Exercise aim: Starting at the line that contains "最新创意道具展览内部报价单", write out every line to the end of the records below exactly, and leave out the pictures.

Recorded data:
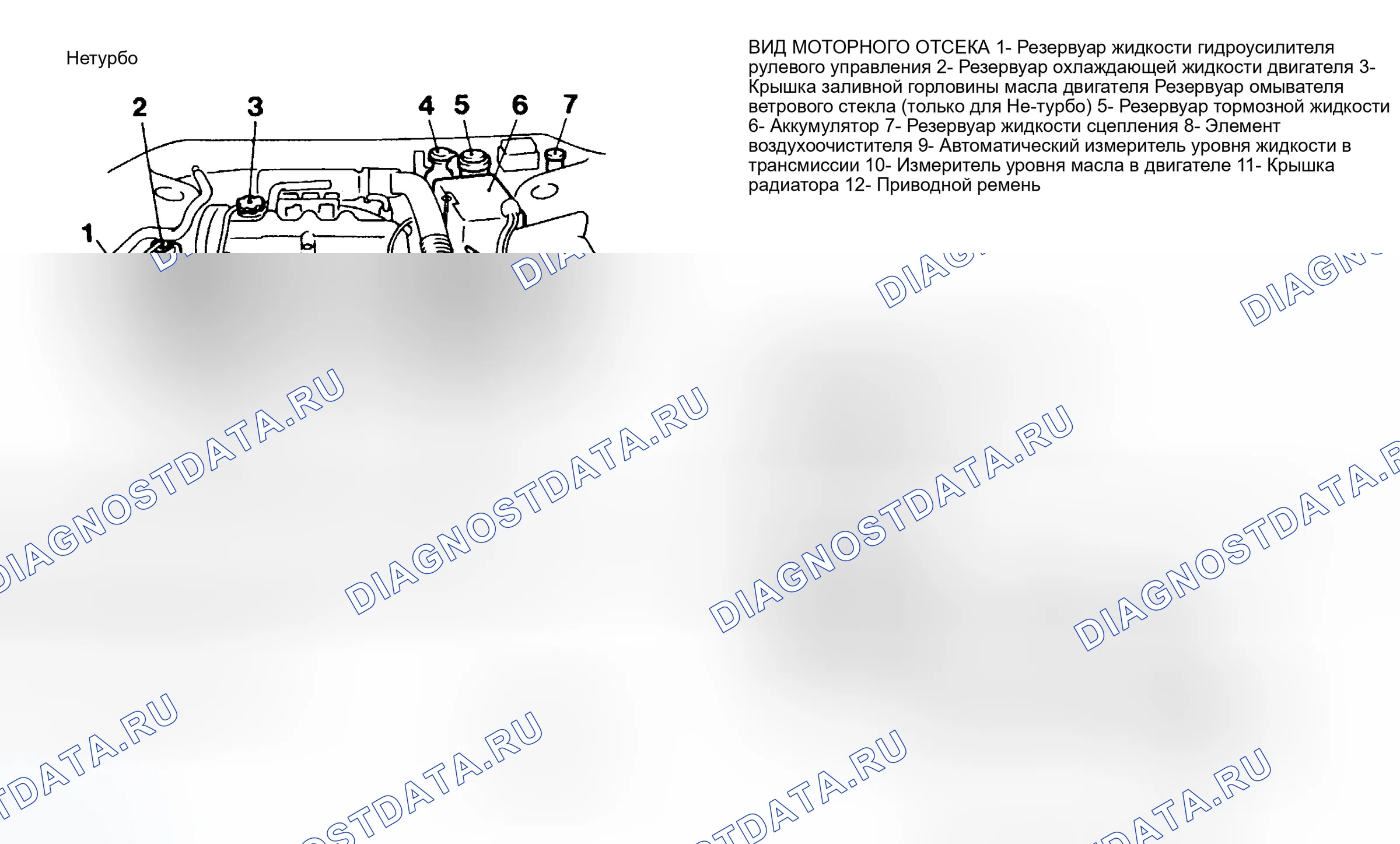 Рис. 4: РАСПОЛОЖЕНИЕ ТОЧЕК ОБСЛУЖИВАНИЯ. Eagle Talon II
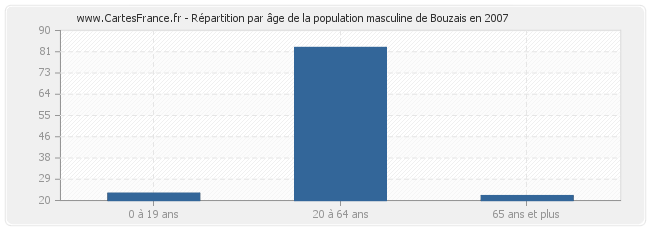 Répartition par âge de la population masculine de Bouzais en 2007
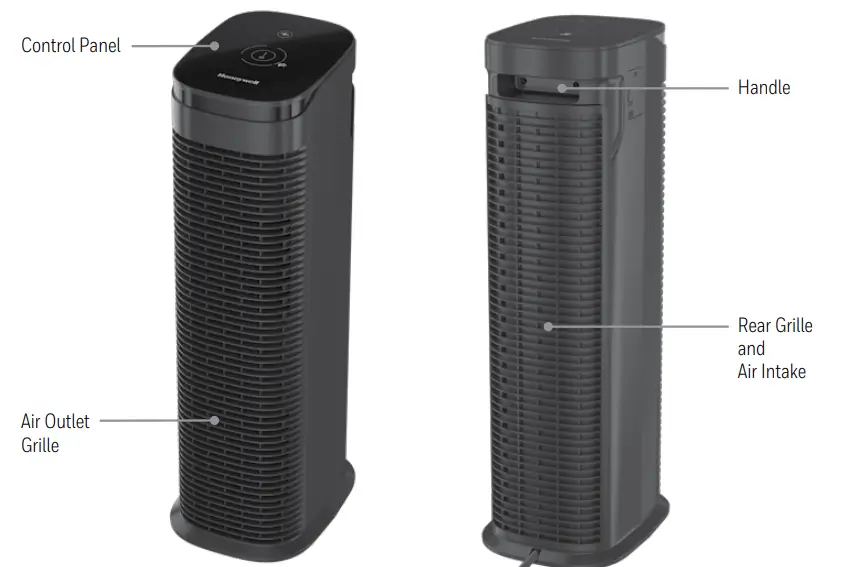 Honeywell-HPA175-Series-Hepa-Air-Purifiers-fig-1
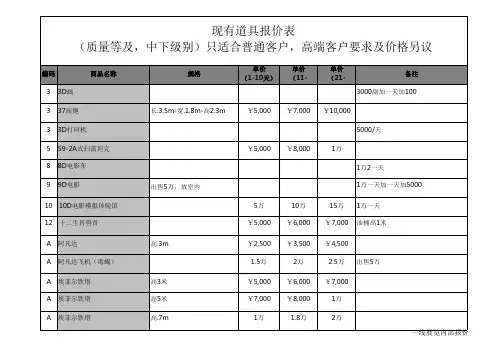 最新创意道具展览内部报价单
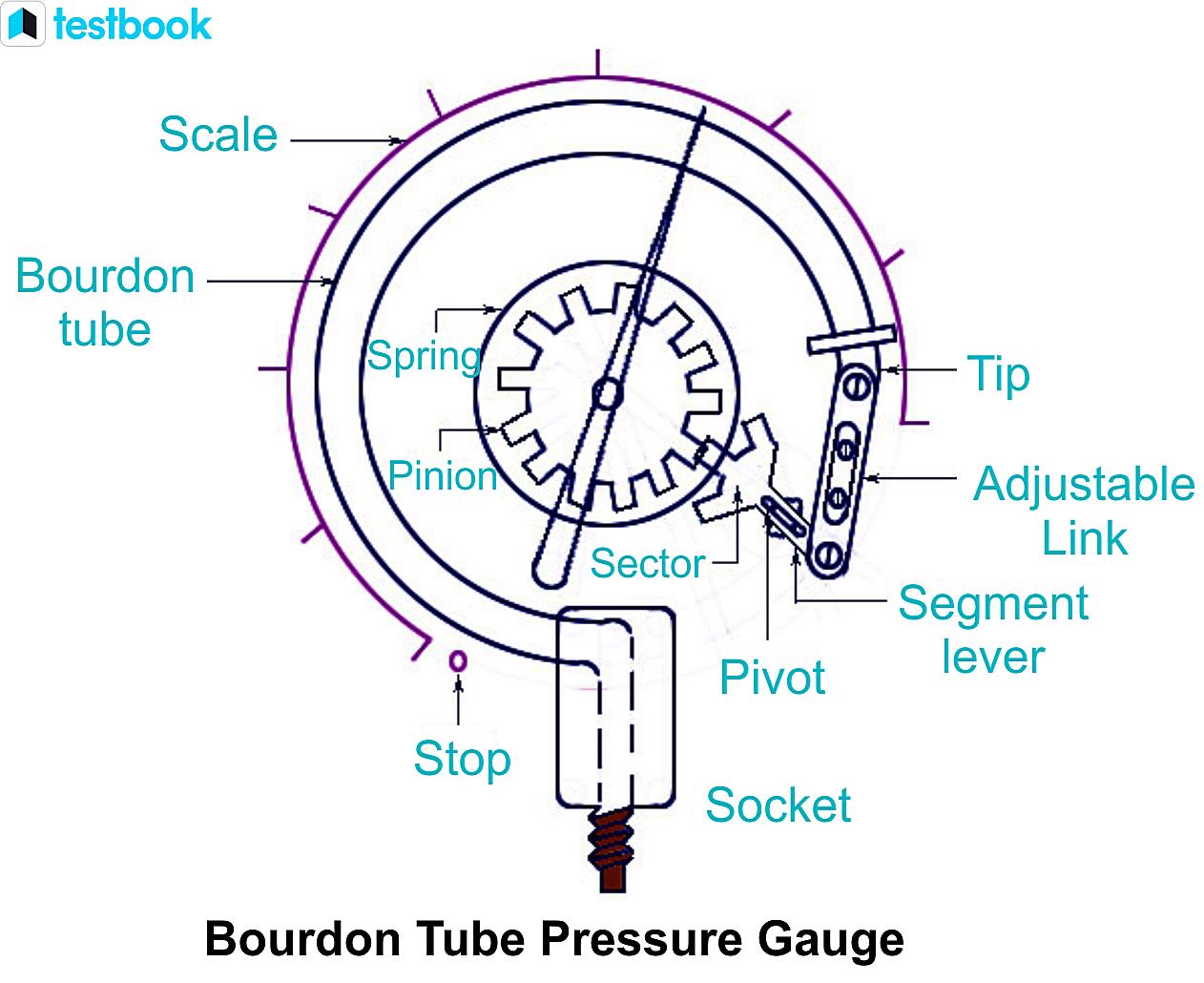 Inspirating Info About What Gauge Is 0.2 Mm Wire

Your solution:
 最新创意道具展览内部报价单
 Inspirating Info About What Gauge Is 0.2 Mm Wire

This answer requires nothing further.